Congrats and bravo, Hat! You do not now, and probably never will, cease to impress.

Posted by polyglot conspiracy at July 31, 2005 02:01 AM

Congratulations! May your weblog continue to enlighten and entertain us for many years to come.

Posted by Jonathon Delacour at July 31, 2005 02:08 AM

Hats off!

A German made a joke in a talk at our school once. He was talking about the importance of background studies for learning languages, and he produced the sentence, 'He picked up his Coke from the table'. I didn't like to tell him it doesn't work in English.

Posted by MM at July 31, 2005 02:35 AM

Congrats!

Posted by J.Cassian at July 31, 2005 03:18 AM

Congratulations. 3 years in blogging is an eternity...

Posted by EFL Geek at July 31, 2005 04:25 AM

Congrats. Really great blog you got here.

Posted by Ehud at July 31, 2005 04:29 AM

Joyeux anniversaire, et merci !

Posted by Anne at July 31, 2005 04:45 AM

Herzlichen Glückwunsch, O verehrter Language Hat!

Dir zu Ehren habe ich einen Hut aufgesetzt, während ich diesen Kommentar mit meinen besten Wünschen sende.

(Oui, moi aussi, des chapeaux, j'en raffole.)

Et voici une belle fleur estivale, prise en photo par une amie dans un pays multilingue.


Posted by Chris W. at July 31, 2005 05:02 AM

זאָלסט ווײַטער גיין מחיל לחיל.

Posted by Zackary Sholem Berger at July 31, 2005 12:09 PM

Congratulations, LH. May you have another three years of daily blogging.

Posted by jim at July 31, 2005 12:13 PM

Yay! Wish you many more.

Posted by Nancy at July 31, 2005 12:31 PM

Wait a minute.. I've been enjoying your various links, comments and suchlike over on Meta for years and had no idea you had your own website.

What's wrong with this picture?

Congrats on the three year mark. Now that I know it's here I'll be making a point to come read you regularly.

Posted by snarkyshoggoff at July 31, 2005 01:04 PM

OK, Zackary, I'm going to have to have to ask you to translate. My Weinreich dictionary didn't help, nor did Google:
"Your search - מחיל לחיל - did not match any documents."

And thanks, everybody!

Posted by language hat at July 31, 2005 01:58 PM

Oh, and Zackary: happy blogiversary to you, too!
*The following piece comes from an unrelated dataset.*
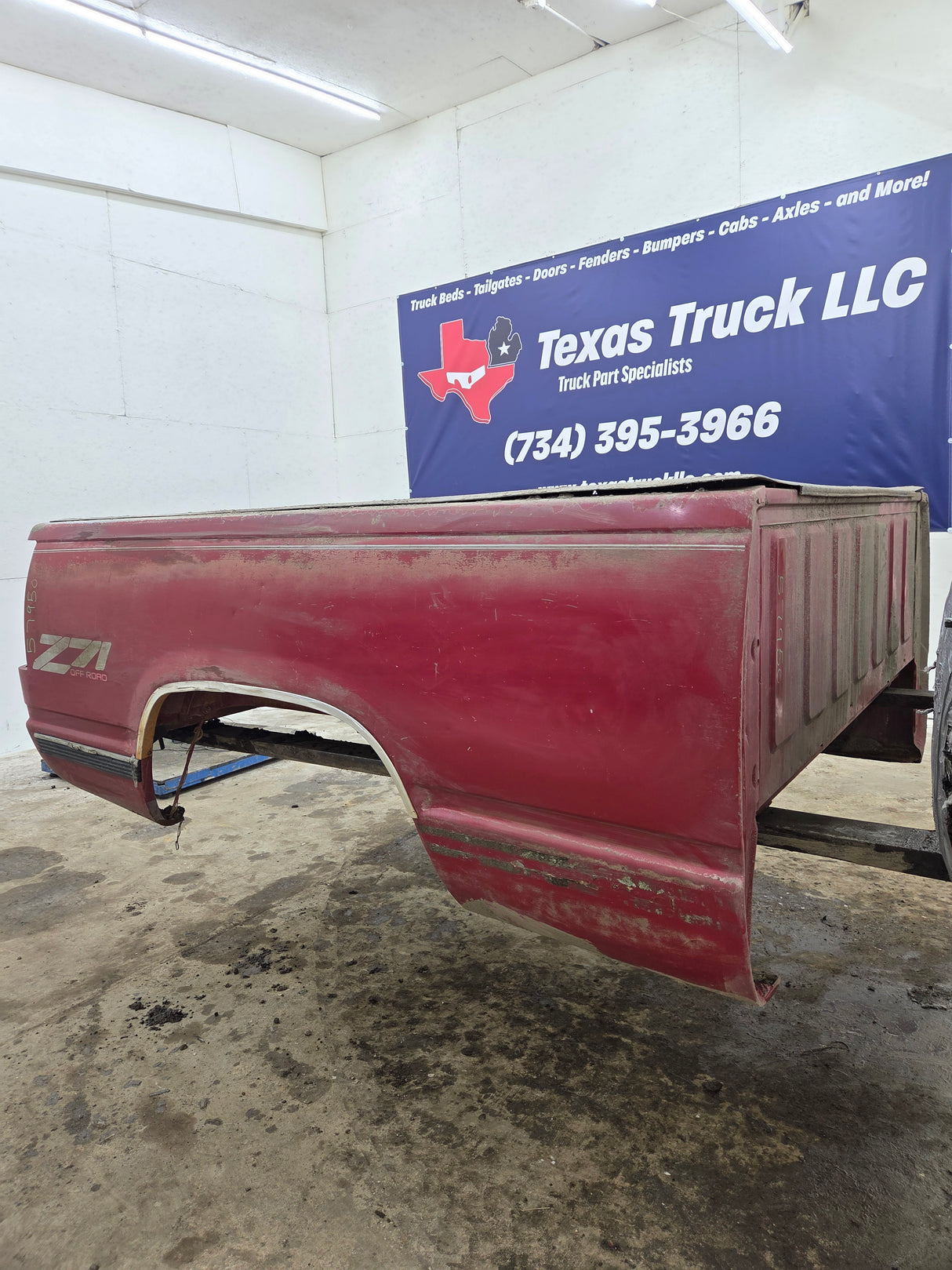 1988-1998 Chevrolet / GMC 1500 2500 3500 OBS 6' 6" Short Truck Bed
Posted by language hat at July 31, 2005 02:33 PM

Congratulations, lh. I doff my hat to you (albeit figuratively.)

Posted by aldiboronti at July 31, 2005 02:56 PM

Congratulations. You're an inspiration.

Posted by Dave at July 31, 2005 04:39 PM

Whipperblogsnapper!

Posted by des von bladet at July 31, 2005 05:47 PM

3周年おめでとうございます!
ランゲッジ・ハット万歳!

これからもよろしくね

Posted by elessorn at July 31, 2005 06:17 PM

3 years yada yada yada yada yada yada yada yada yada yada yada yada ten thousand years yada yada yada yada yada yada yada yada!

The Japanese express the basic, important ideas in Chinese, the language for important stuff, but leave their weird cultural stuff in their own unintelligible script. It saves the rest of us a lot of time. I imagine it was all politeness talk.
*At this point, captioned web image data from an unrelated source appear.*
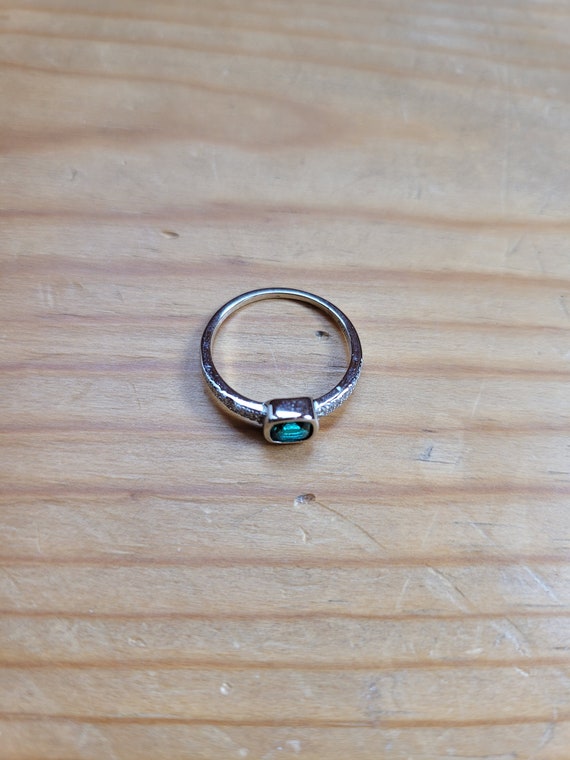Emerald Ring - image 3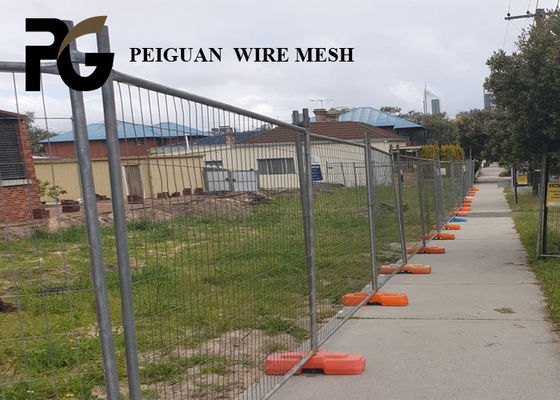 Hot Dipped Galvanized Australia Temporary Fence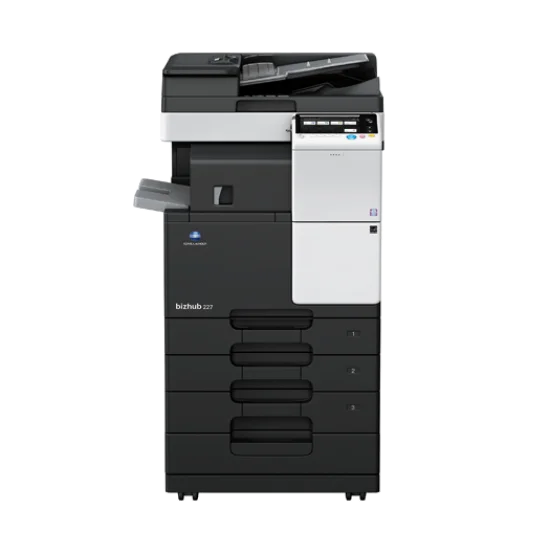 Copieur Imprimante Multifonction Konica Minolta bizhub 550i – Monochrome A3 Très Haute Productivité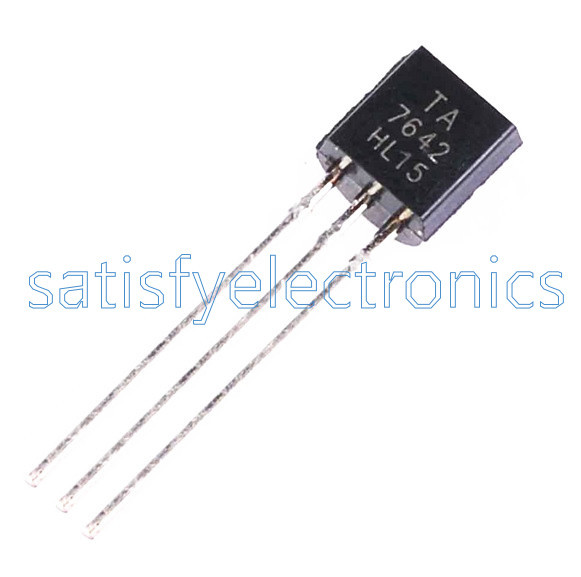 20PCS TA7642 7642 TO92 Singolo Radio Chip IC NUOVO BUONA QUALITÀ - Foto 11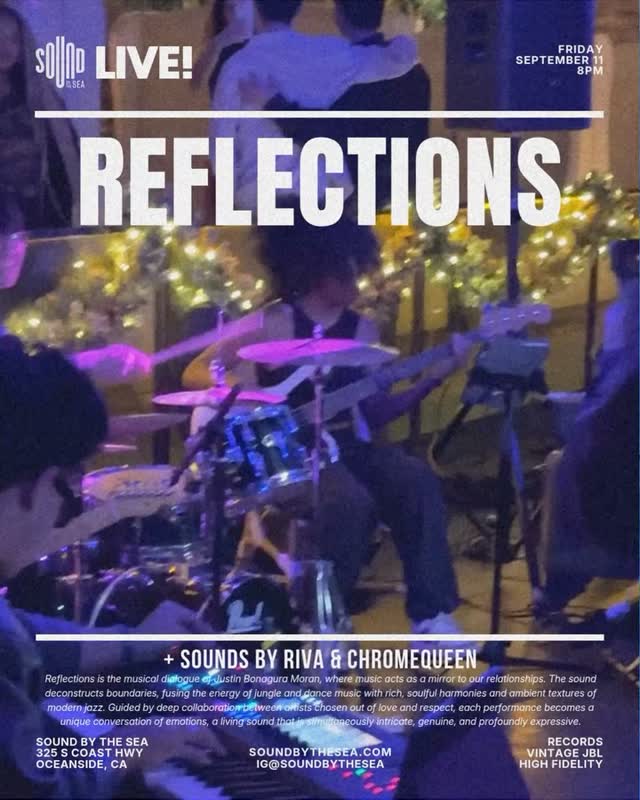 FRI 9.11 — SOUND LIVE!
Posted by John Emerson at July 31, 2005 06:28 PM

I make serious efforts myself to reduce the Chinese-biased reaction toward Japanese, but unless I ever go to Japan and experience it as an everyday spoken language, I will always read it spontaneously as "san zhounian omedetô gozaimasu! Rangejji Hatto wansui!" etc.
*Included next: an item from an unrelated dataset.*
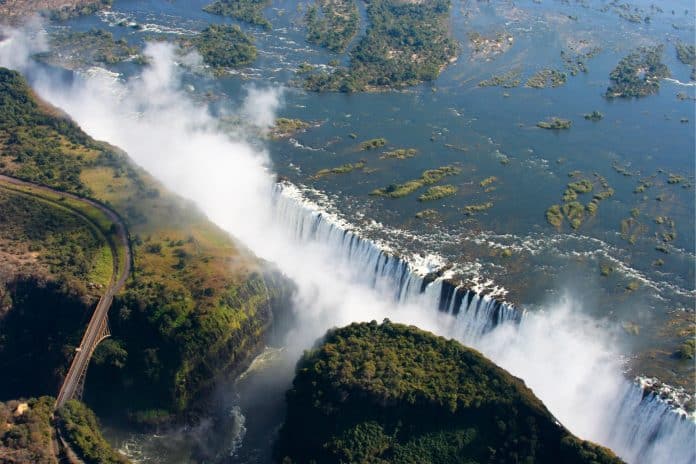 Victoria Falls Travel plan Zimbabwe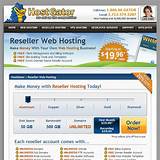 Pictures of Reseller Web Hosting Unlimited Space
Three: Earth-Heaven-Human 天地人
Or Three (Sangeng 三更, "Around Midnight"), a collection of short ghost stories from three different East Asian countries (the Korean and Chinese ones are great; the intermediate Thai one not so much; too exotified for my taste).

May you keep it on for the myriads of years to come! You already know how important your site has been and still is for me.

[This gives me an opportunity to drop a link that might be entertaining for maybe an entire minute; this song (direct -and legal- MP3 link) by Greek-Canadian rapper BZ Jam (light nudity warning here), et al., features five European languages besides English; BZ has a very "mangiko" accent (suits the genre if his influence is West Coast) and a particular grammar (see his genitive à la Solomos: "Amerika, i hora tou meli"); I give him props for keeping it real with the glossa so far from the patrida, but I could do without the vulgarity he displays in the other songs.]

Posted by Jimmy Ho at July 31, 2005 07:19 PM

By the way, I remember reading you saying you like Cavafy, which was most pleasant to me, since he is one of my dearest poets (if not the first of them).

I wonder if you know an article by Etiemble (who drew French Comparative Literature out of its closeted regionalism in the Fifties) titled "Sur quelques traductions de Cavafis" (collected in Poètes ou faiseurs ?, the fourth tome of his "Hygiène des Lettres", Paris: Gallimard, 1966). It is an awesome work on translation, Sprachgefühl and poetry, all through a single Cavafy poem (Keria). As an aside, it also reconciled me with French culture and poetry (I've had a tumultuous relationship with both).

I was thinking about scanning it for myself; I will send it to you as soon as it is done.

Posted by Jimmy Ho at July 31, 2005 08:06 PM

Please do, and thanks!

Posted by language hat at July 31, 2005 08:14 PM

Congratulations.

Posted by David Weman at July 31, 2005 09:14 PM

LH, I sent you the first files (at your GMail account). I am afraid they are a bit heavy, so I hope they won't be sent to the spasm file.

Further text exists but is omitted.